酒の肴に野球の記録BACK NUMBER
「歴代12人だけの投手4冠」山本由伸でも《完全クリアできない7項目》 沢村賞は“現代野球の尺度に合ってない”のでは
text by
広尾晃Kou Hiroo
photograph byNanae Suzuki
posted2021/11/25 11:04
山本由伸は日本シリーズ第1戦の投球内容でも“普通”レベルなのだから恐ろしいスーパーエースである
2018年のナ・リーグは、18勝のジョン・レスター(カブス)などを差し置いて10勝のジェイコブ・デグロム(メッツ)が受賞している。

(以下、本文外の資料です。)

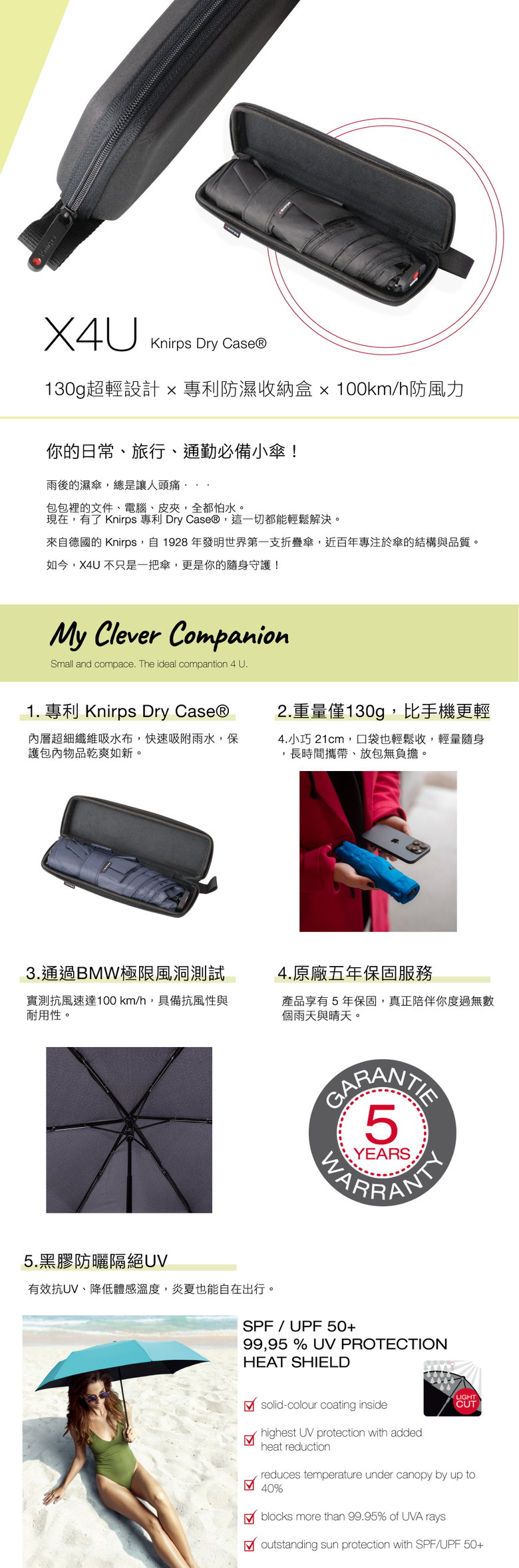 (複製)Knirps®德國紅點傘|US.050 極致扁型設計摺疊傘-KOLIBRI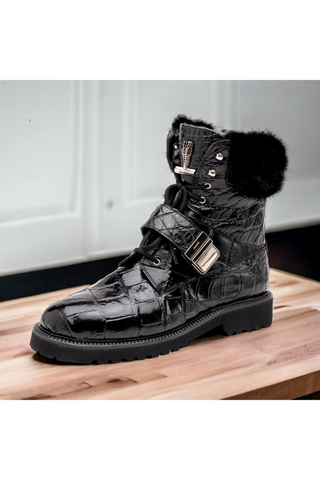 Mauri 3240 Smoke Alligator Skin / Mink / Nappa Leather Strap Derby Boots (MA5584)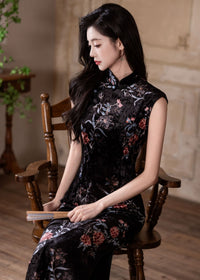 Black Floral Vintage Sleeveless Slim Qipao Gown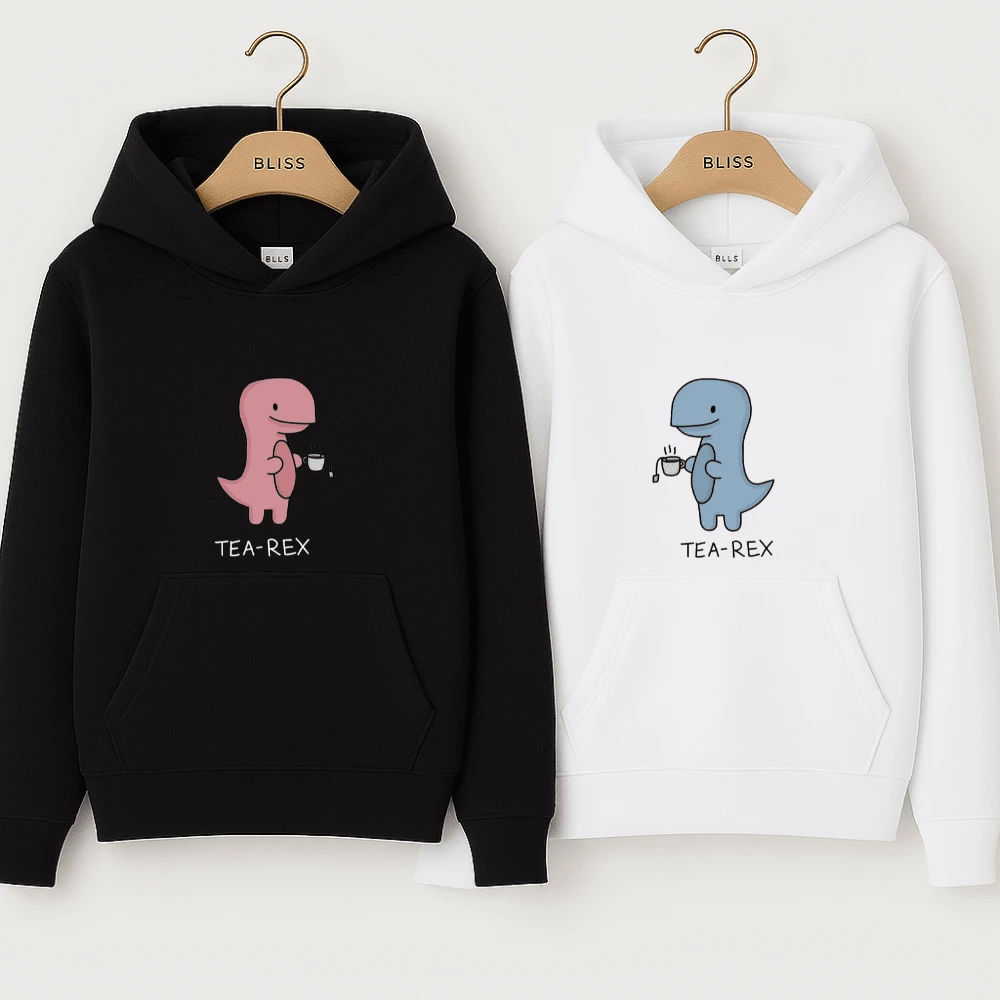Moletom Canguru Casal Namorados Estampa Dinossauro Tea Rex Fofo Combinado Par Conjunto Tecido Confortável Apaixonado Menina Menino Lindo Fofo - Masculino - Branco - Visão 1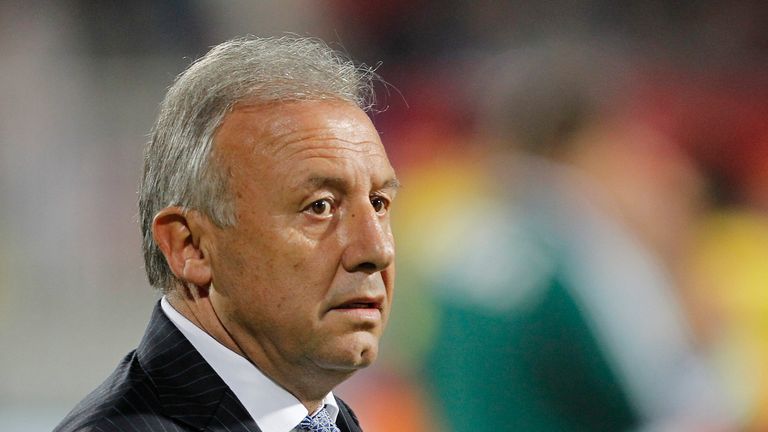 Head coach Alberto Zaccheroni of Japan looks on during an international friendly match between Serbia and Japan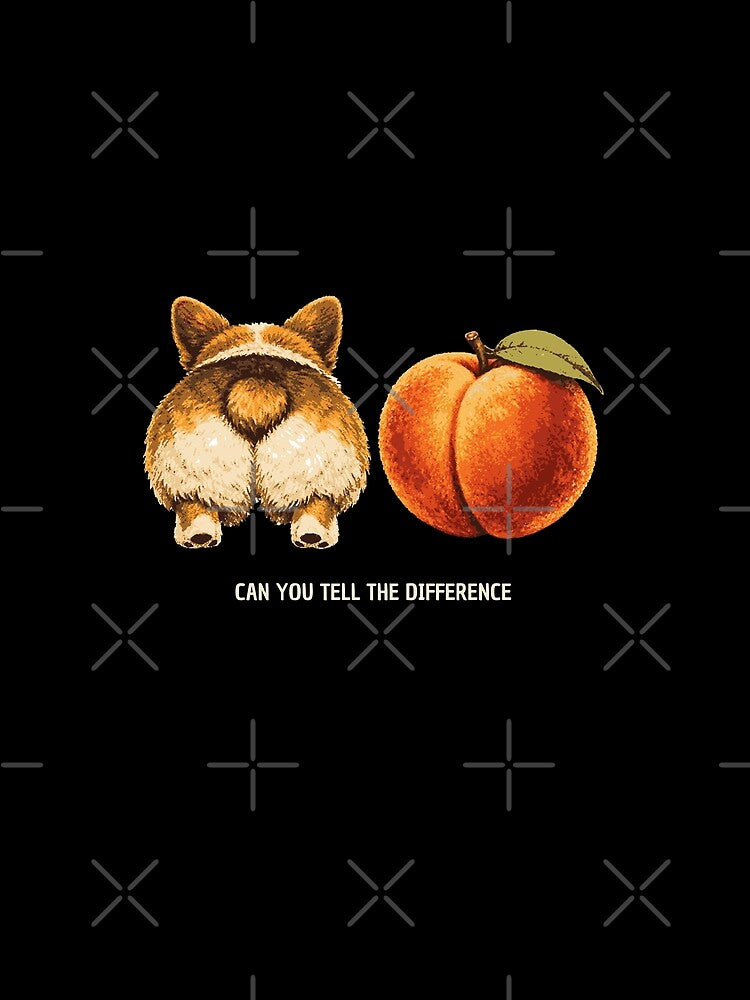 Funny Corgi Butt vs Peach Shirt – Can You Tell The Difference Dog Lover Gift by nbg2012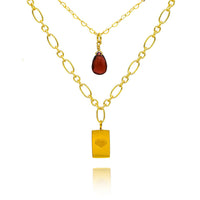 Garnet Love Double Layer Necklace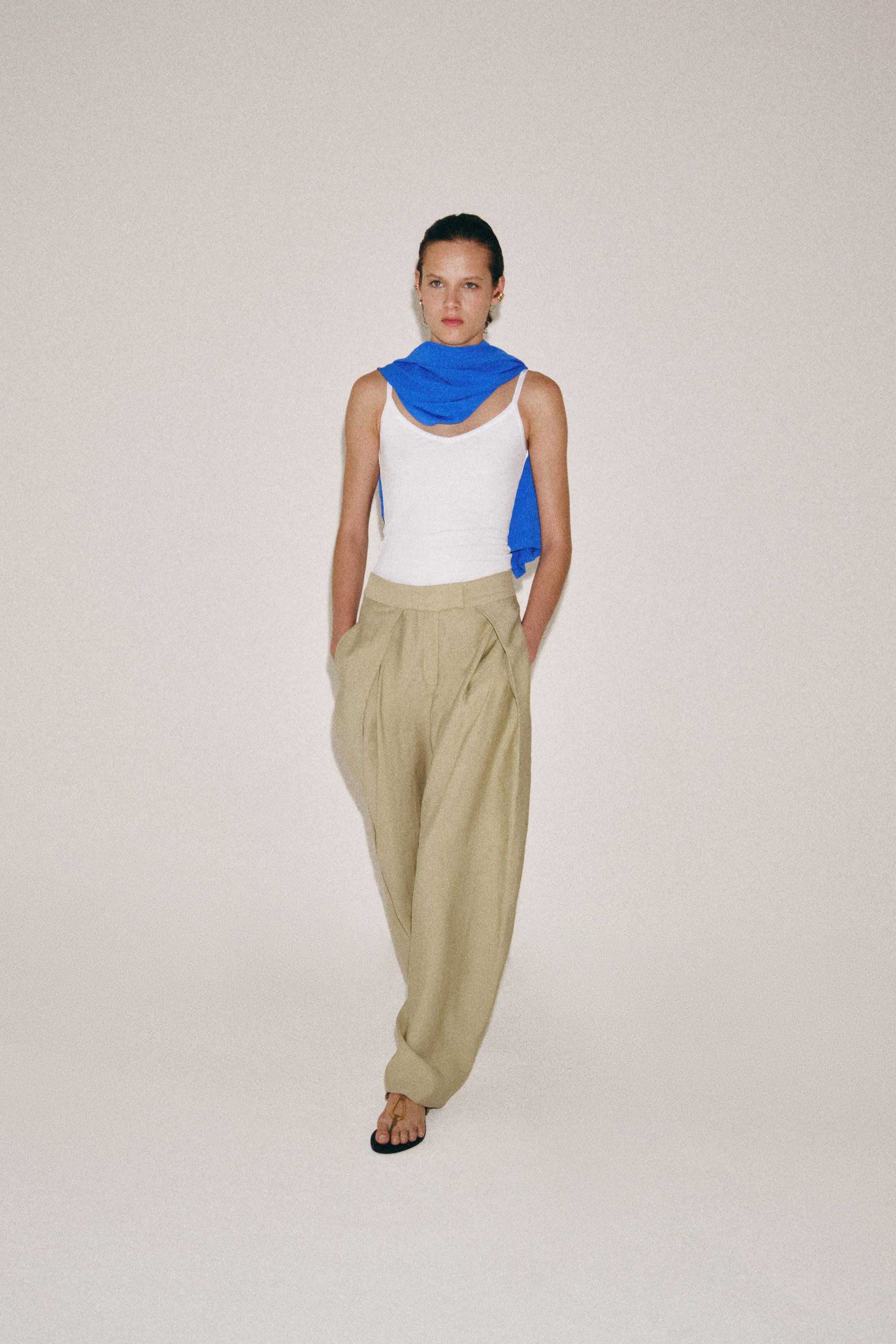 ZW COLLECTION PLEATED WIDE LEG PANTS | Zara US
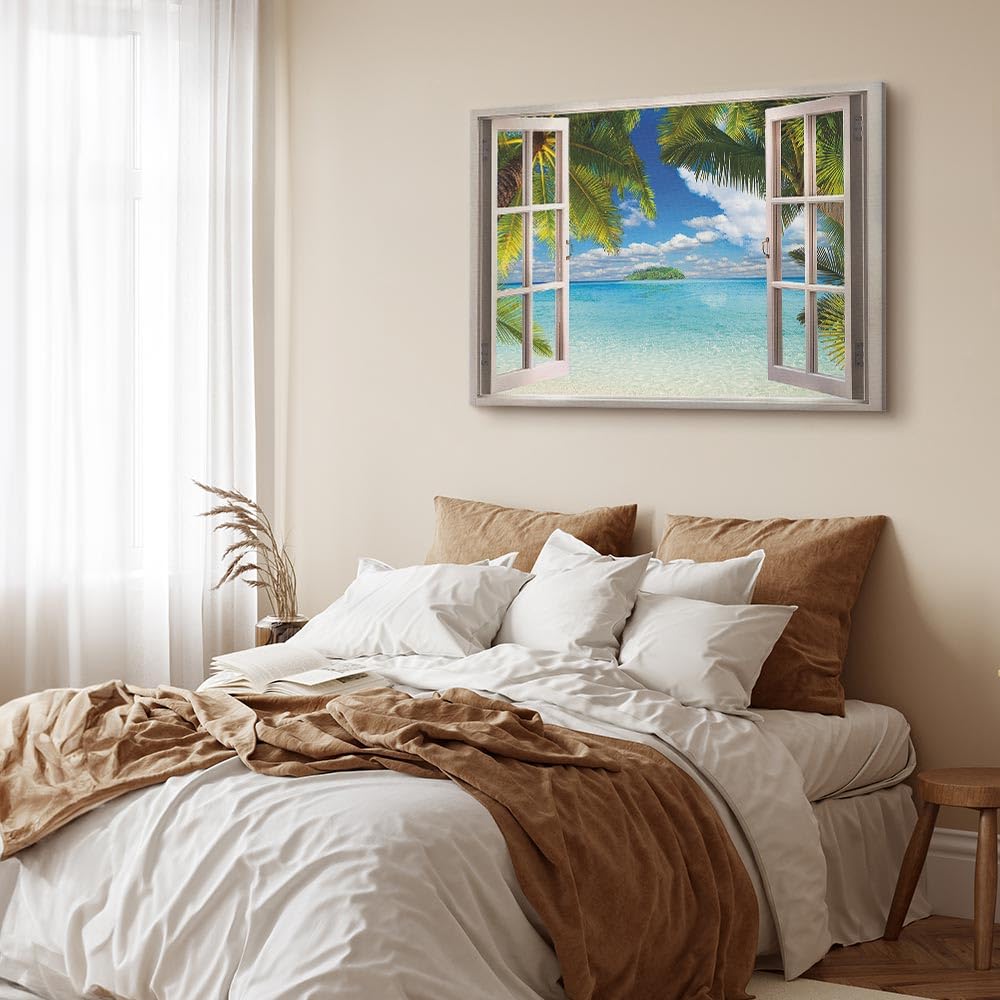 murando - Quadro Finestra Su Isola 120x80 cm 1 Pezzo - Stampa su Tela Strutturata XXL Grande - Quadri Moderni Soggiorno Grandi - Stampe da Parete Murale Arte Moderno Azzurro Mare c-C-0090-b-a
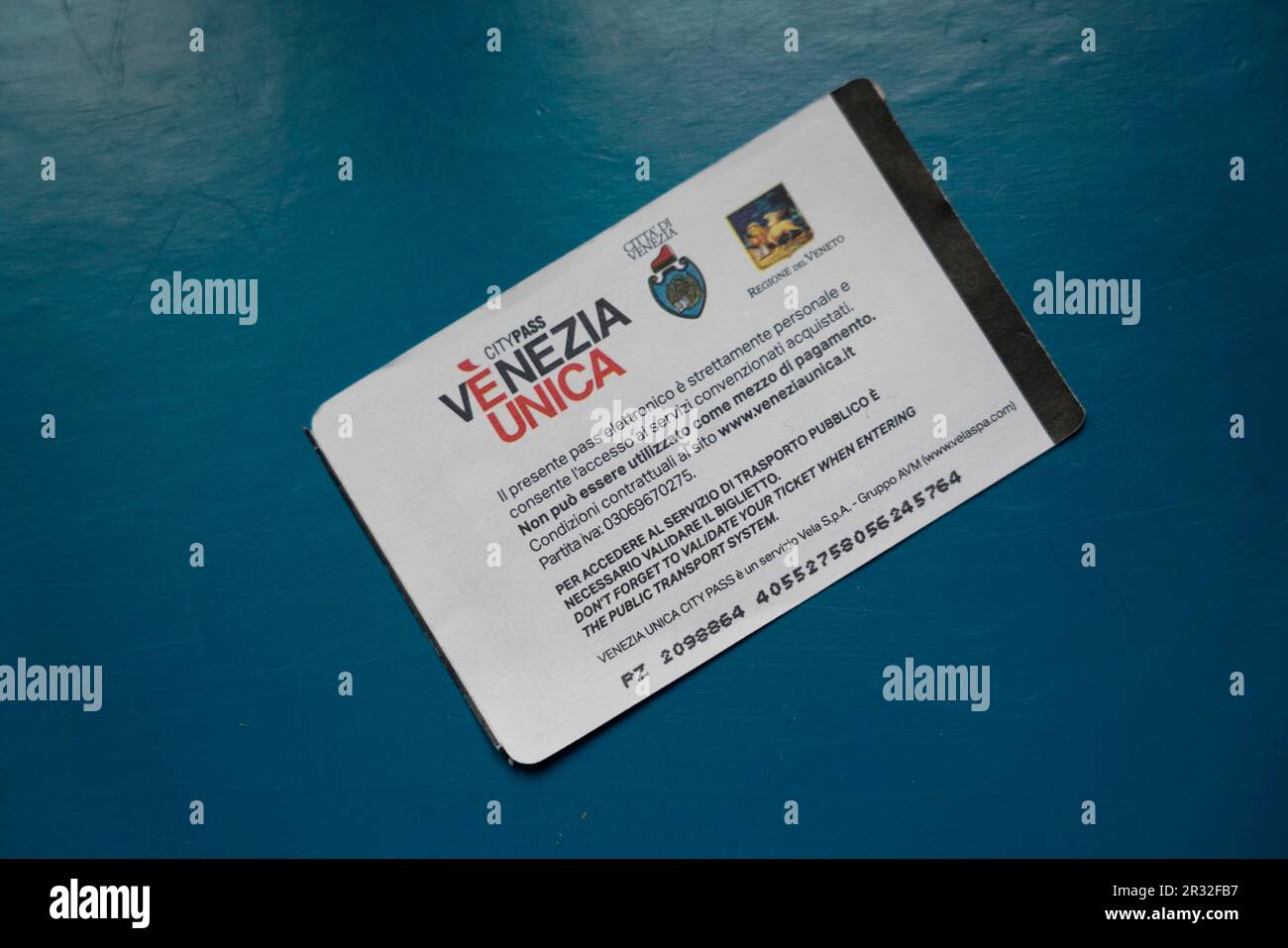 City Pass, Venezia unica, biglietto per i mezzi pubblici in vaporetto e autobus, Venezia, Veneto, Italia Foto Stock
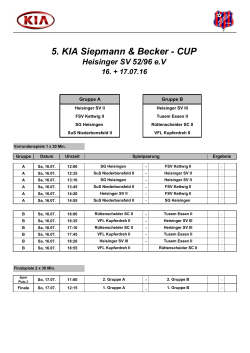 Spielplan KIA Cup 2016 - Heisinger SV 52/96 eV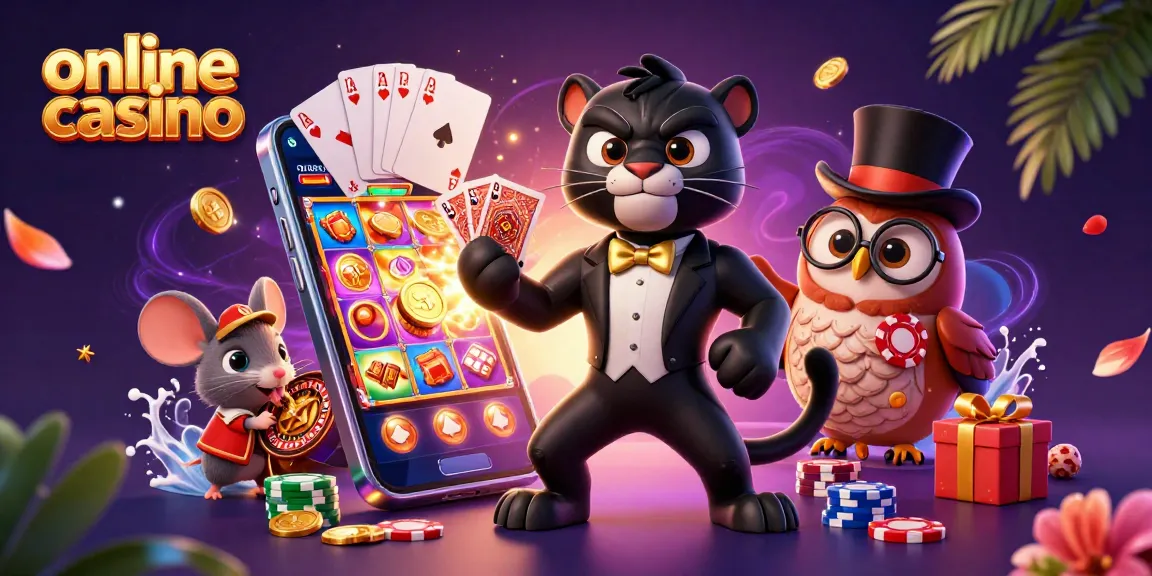 Play thrilling games at an online casino with characters like a panther dealer and an owl, surrounded by vibrant casino elements.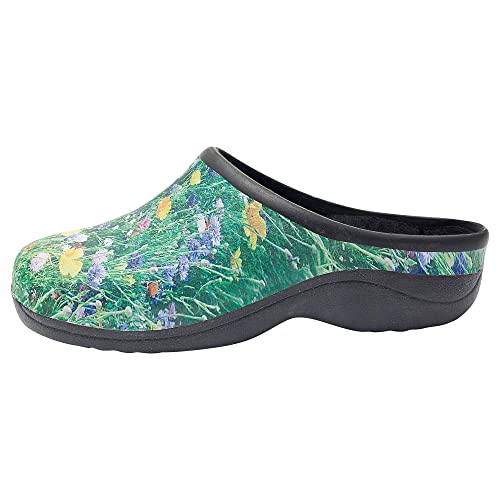 Waterproof Premium Garden Clogs With Arch Support-Meadow Design By Backdoorshoes, Meadow Design, Size 8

NPBもMLB同様、野球が大きく変わっている。変化を容認すべき時に来ているのだろう。
「沢村の時代と同じような活躍の投手」ではなく
「沢村賞の権威を損なってまで賞を与える必要はない、該当する投手が出た時だけ授与して、あとは該当者なしにすればいい」
という意見もあるだろうが、そうするのであれば「そのシーズンで最も活躍した先発投手に与える」という賞の趣旨を変えるべきだろう。
沢村賞のコンセプトは「沢村栄治と同じような活躍をした投手に賞を授与する」ではなく、投球スタイルは変わっても「沢村と同様、エースとしてチームをけん引した投手に賞を与える」だと思う。
12月2日で、沢村栄治が没して満77年になるが――自身と大きく異なる成績の投手が授与されたとしても、泉下の沢村も納得してくれると思うのだが。